On June 30, parliament approved the law on the National Bank, increasing the responsibility of the bank’s management board and supervisory council for the decisions they make. Among other things, it expands the powers of the NBU to implement risk-oriented supervision, ensuring prompt response to deteriorating solvency and liquidity of the bank.
However, since early July, the National Bank of Ukraine has been experiencing a wave of resignations.
Over a dozen of its employees, including several department heads, left the office. They accused the central bank’s leadership of usurping power and suppressing consensus.

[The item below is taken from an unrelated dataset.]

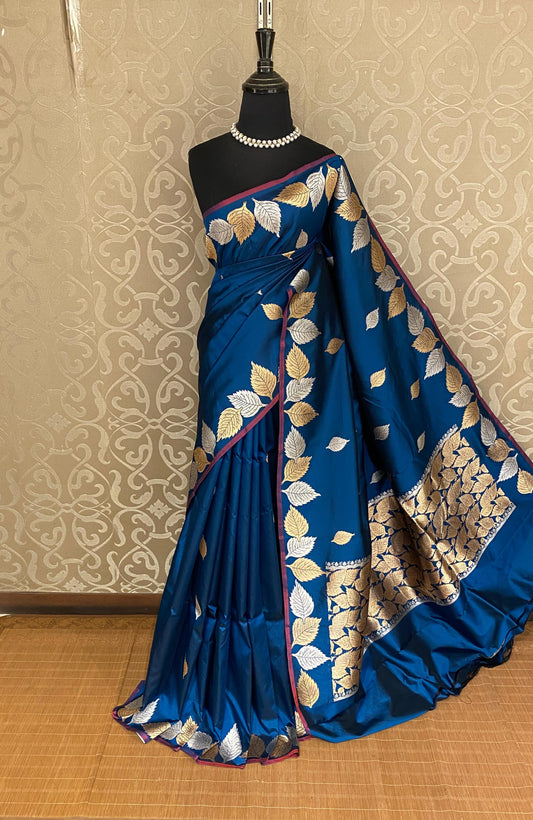 Royal blue Katan Banarasi saree with intricate handwoven work and matching unstiched blouse, traditional Indian wear by Saarang Sarees.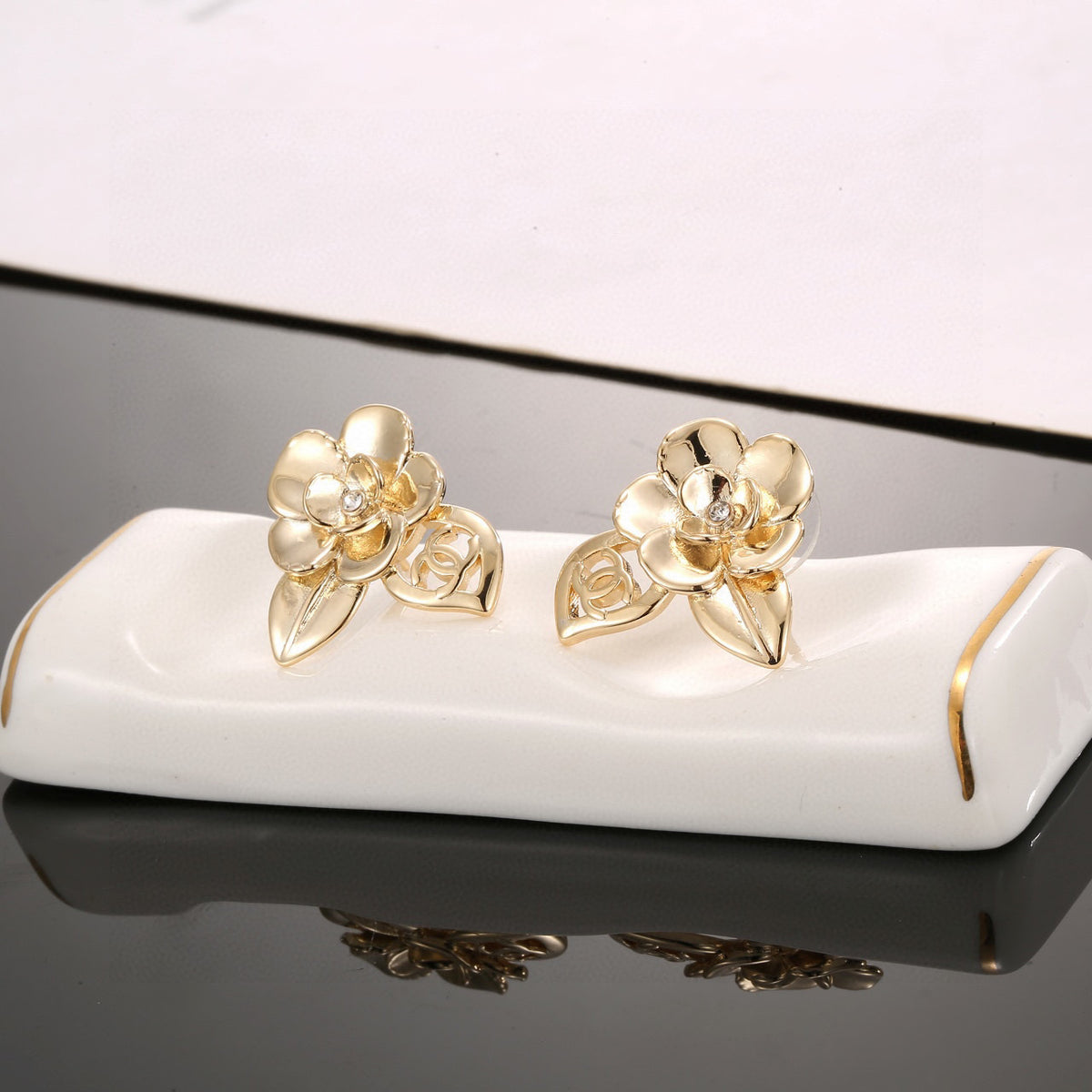 Chanel Interlocking C Camellia Resin Gold-Tone Stud Earrings - album image 4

Financial Times reported that Zelensky’s office was considering firing NBU governor Kyrylo Shevchenko, citing anonymous sources.
The independence of the central bank is important to the IMF, which sees the regulator’s reform of the banking sector as one of Ukraine’s biggest success stories.
Besides, Ukraine moved closer to fulfill IMF’s demand to lower the fiscal debt.
Ukraine’s fiscal deficit has increased from 2% of GDP in 2019 to 5.2% of GDP in 2020. The planned deficit in 2021 will be 5.7% of GDP.
However, the Ministry of Finance approved a budget declaration on July 20 aimed to decrease the fiscal debt to 2.7% in 2024.
It is yet unclear whether approving a budget declaration on lowering the fiscal debt will be enough for the IMF to give a green light for a money transfer.
The IMF also praised the long-awaited opening of the land market on July 1.
Even so, the list of Ukraine’s commitments to the IMF has 30 bullet points. The country did not manage to check off all of them.